━━━━━ Provided records
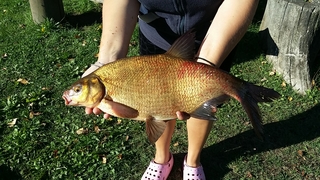 Carp bream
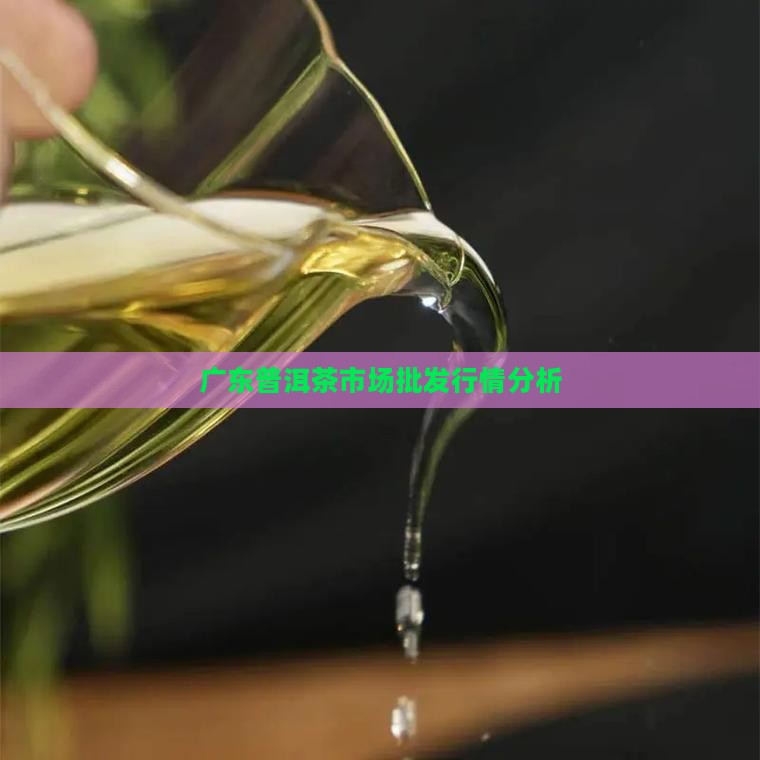 广东普洱茶市场批发行情分析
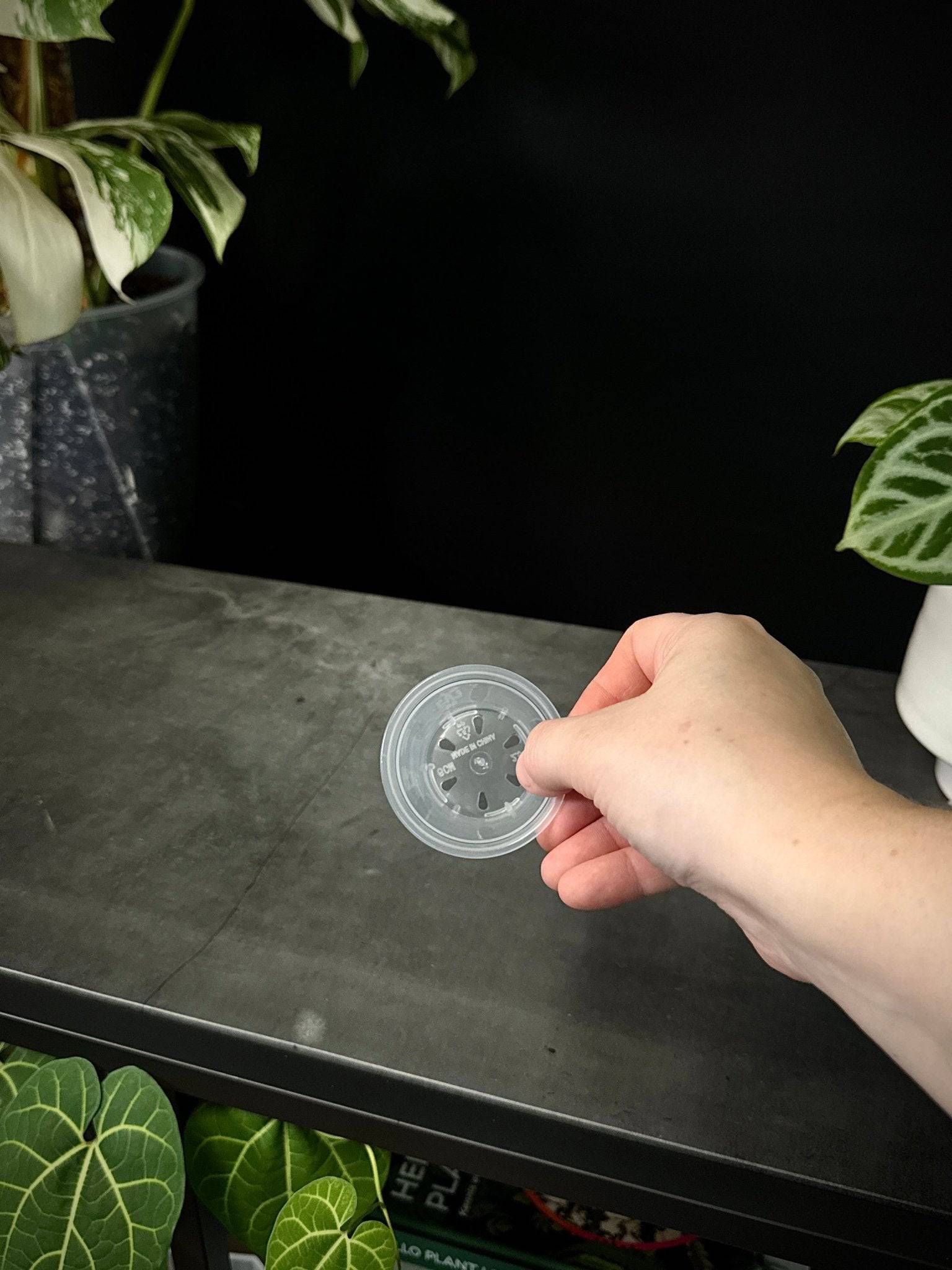 Clear Round Pots - SMUKHI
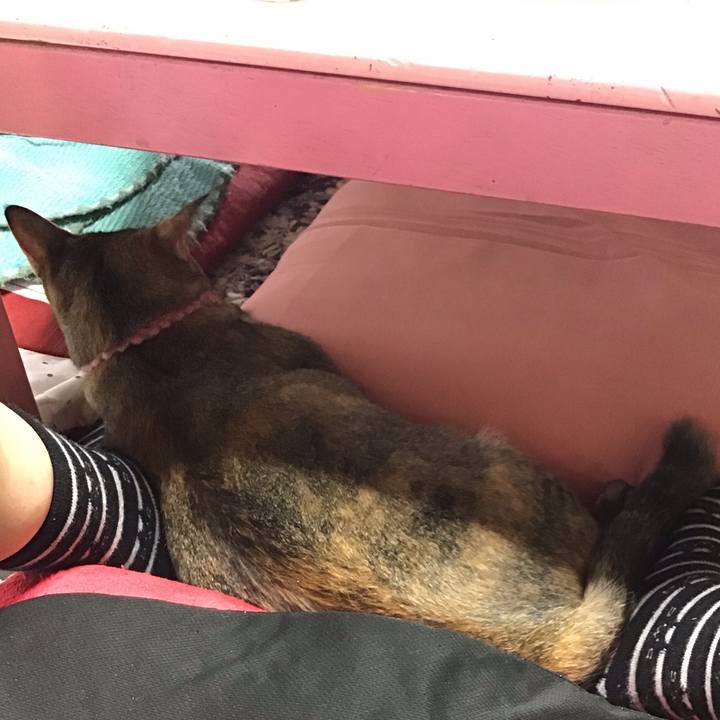 61349e23 21f4 4252 9754 afaa042a72fd 1594879898101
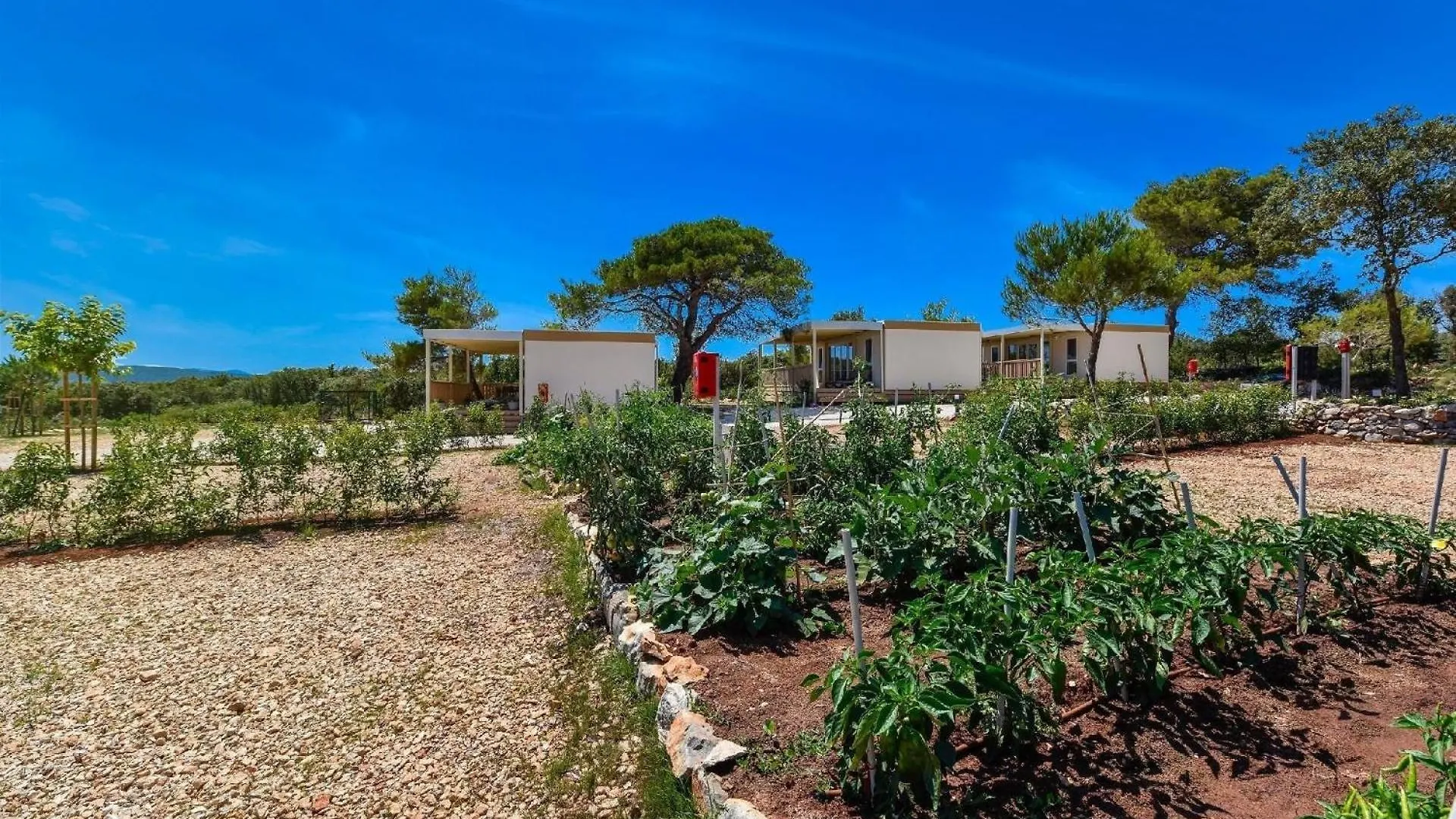 Studio Premium Mobilheim Auf Dem Campingplatz Ugljan Resort Κροατία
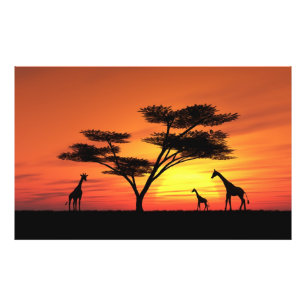 Impression Photo Coucher du soleil africain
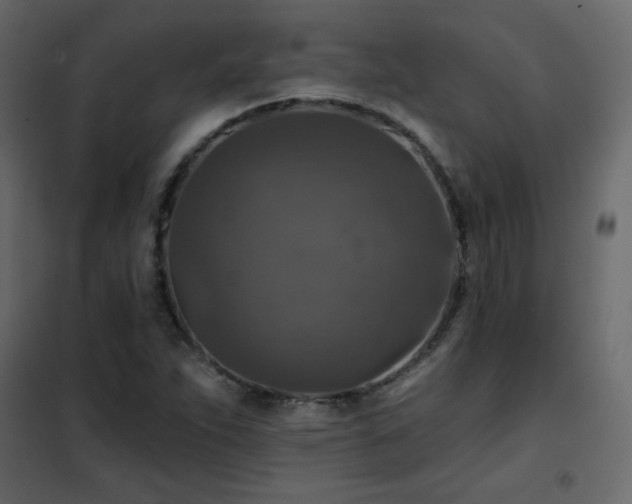 X0000102541263200808081513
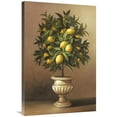 thumbnail image 1 of 24 x 36 in. Potted Lemon Tree Art Print - Welby, 1 of 1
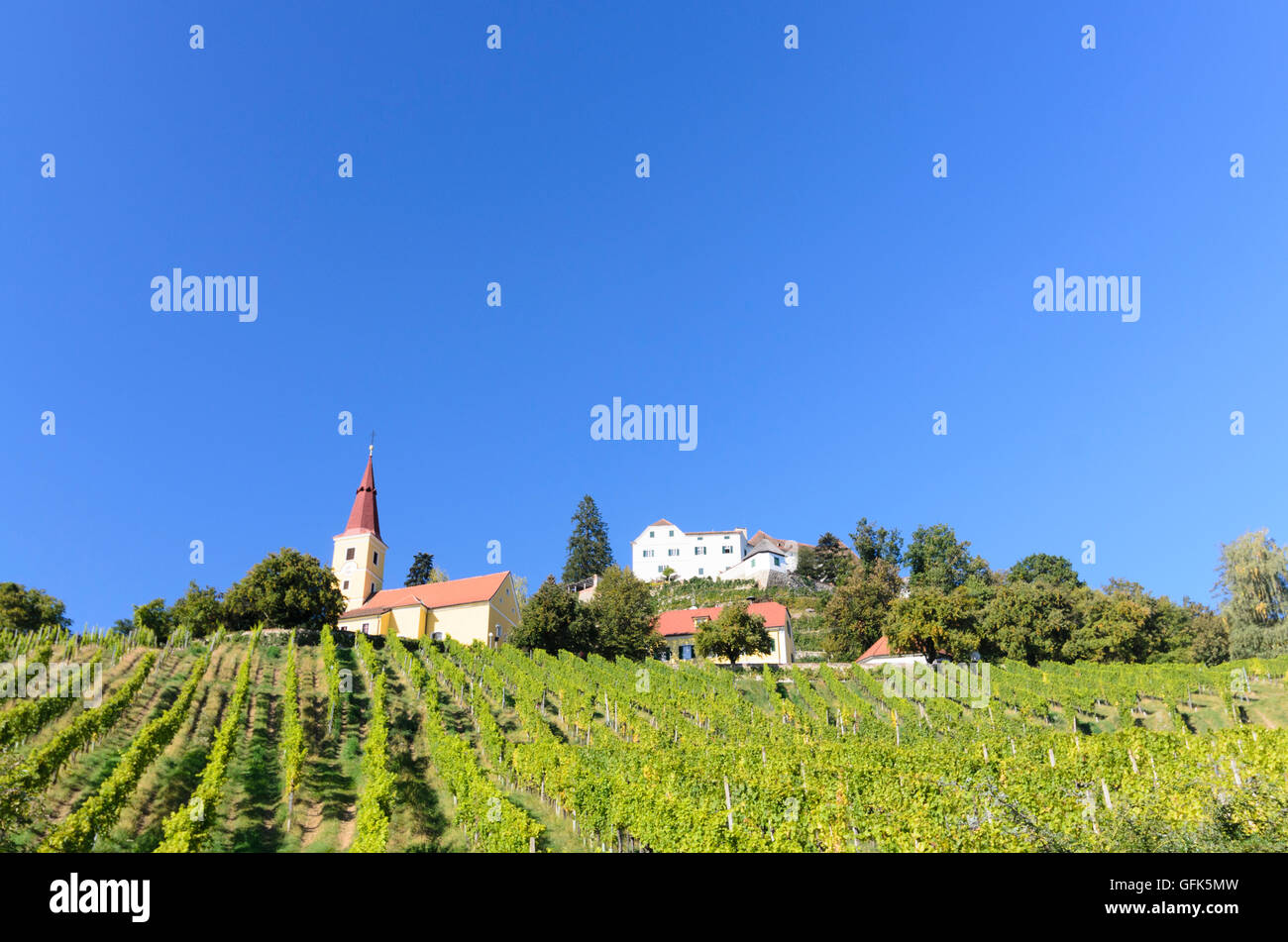 Kapfenstein: Kapfenstein Burg, Kirche, Weinberg, Weinberge, Österreich, Steiermark, Steiermark, Steirisches Thermenland - Oststeierma Stockfoto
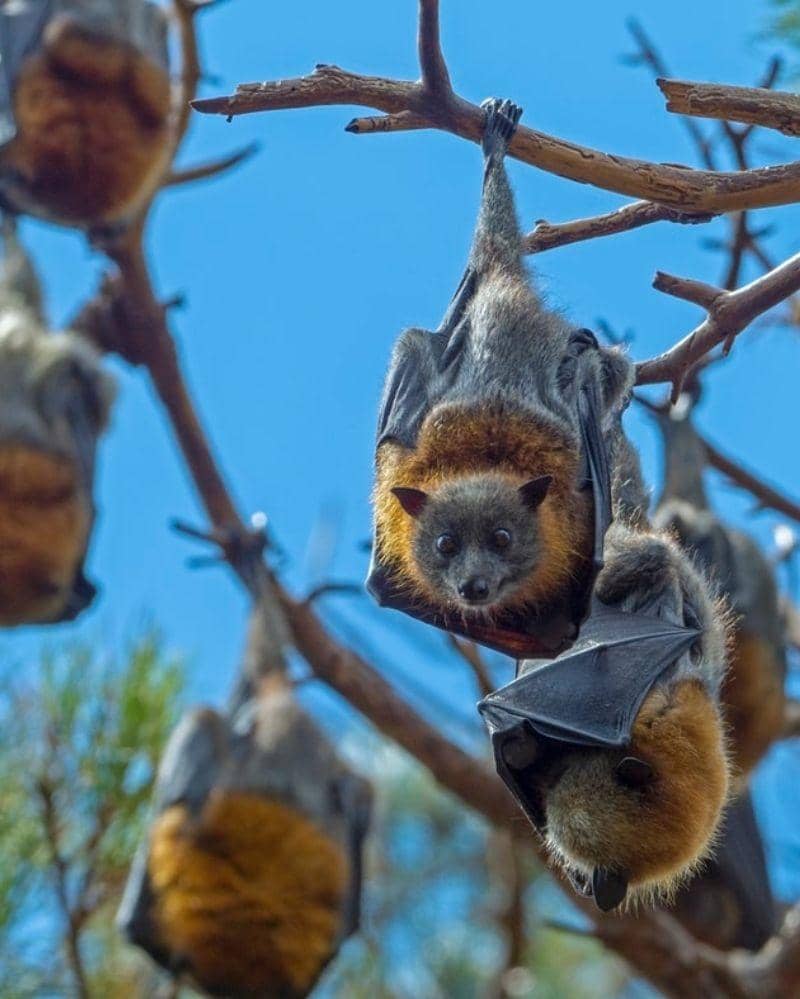 Unsplash/René Riegal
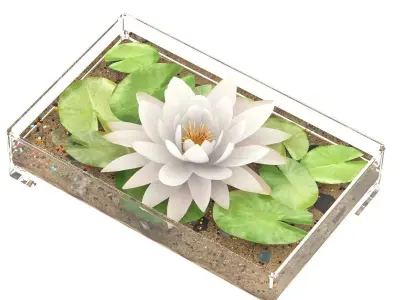 Decorative Set of Water Lily 3D model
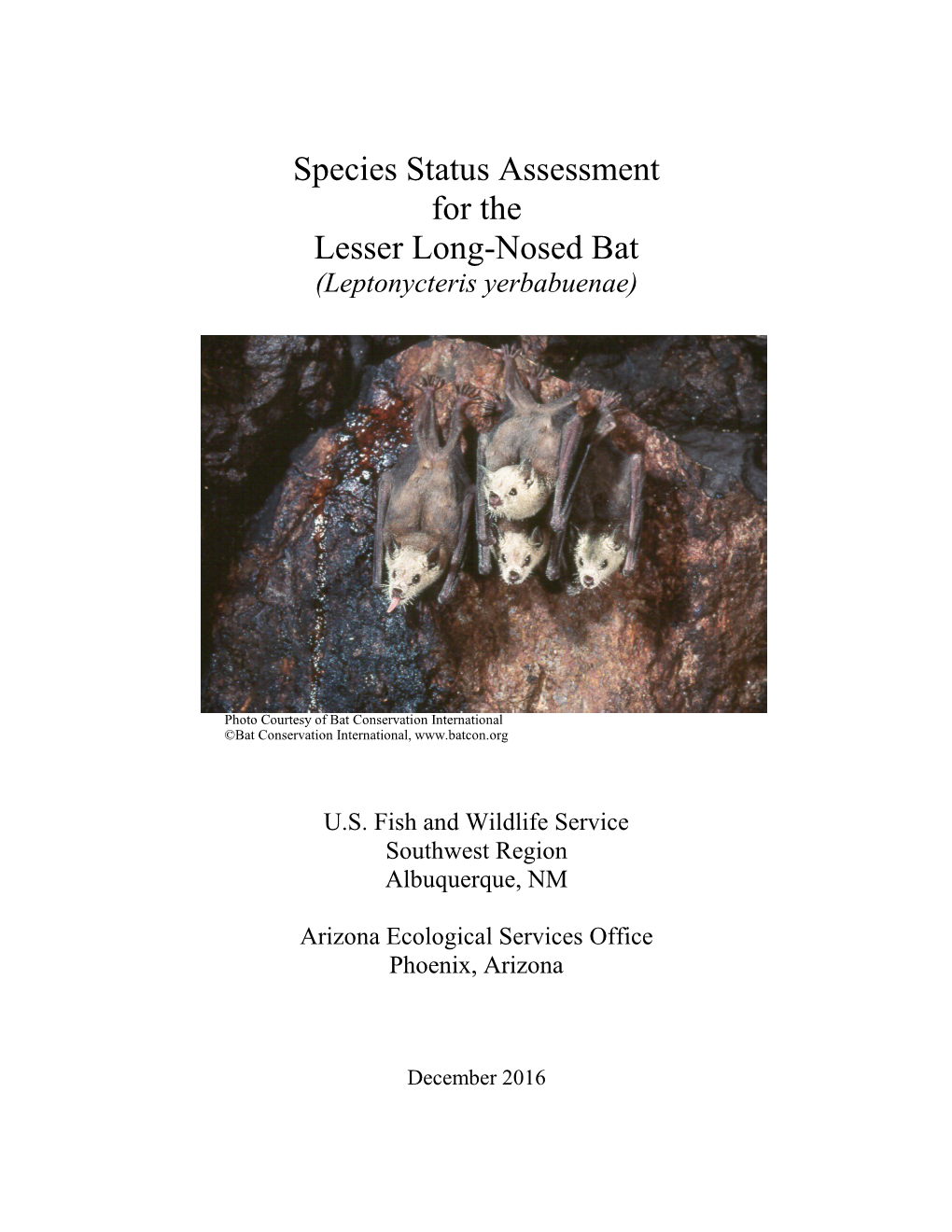 Species Status Assessment for the Lesser Long-Nosed Bat (Leptonycteris Yerbabuenae)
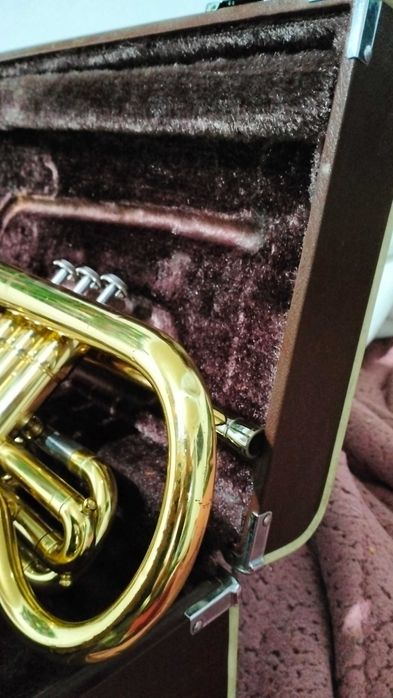 Cornetim Yamaha 2330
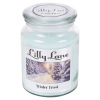 Lilly Lane 18oz Candle in Jar Winter Ediition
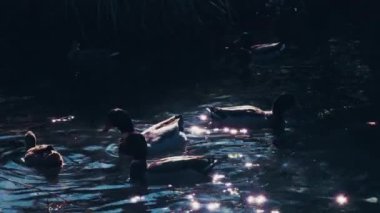 Göl kenarındaki Hayvan Ördekleri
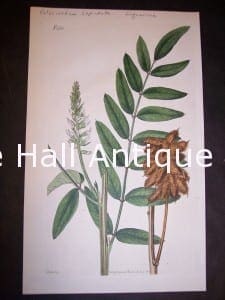 Herbs and Spices Liquorice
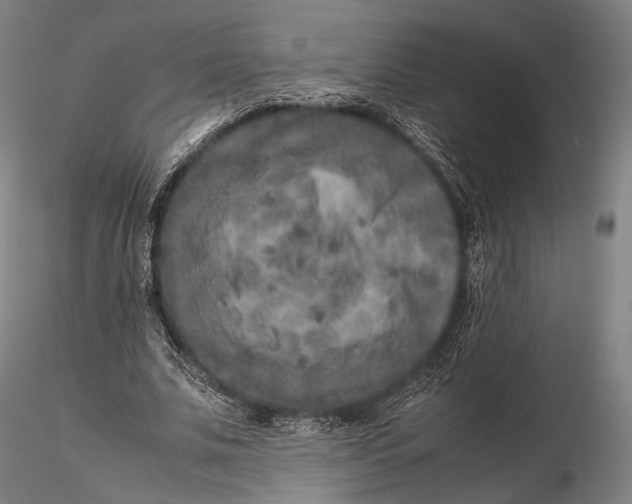 X0000115580679200912011440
━━━━━━━━━━
Task objective: Would you output only the span of the records above that opens with the line containing "Studio Premium Mobilheim" and closes with the line containing "thumbnail image 1", ends included and pictures dropped?

Solution for this problem:
 Studio Premium Mobilheim Auf Dem Campingplatz Ugljan Resort Κροατία
 Impression Photo Coucher du soleil africain
 X0000102541263200808081513
 thumbnail image 1 of 24 x 36 in. Potted Lemon Tree Art Print - Welby, 1 of 1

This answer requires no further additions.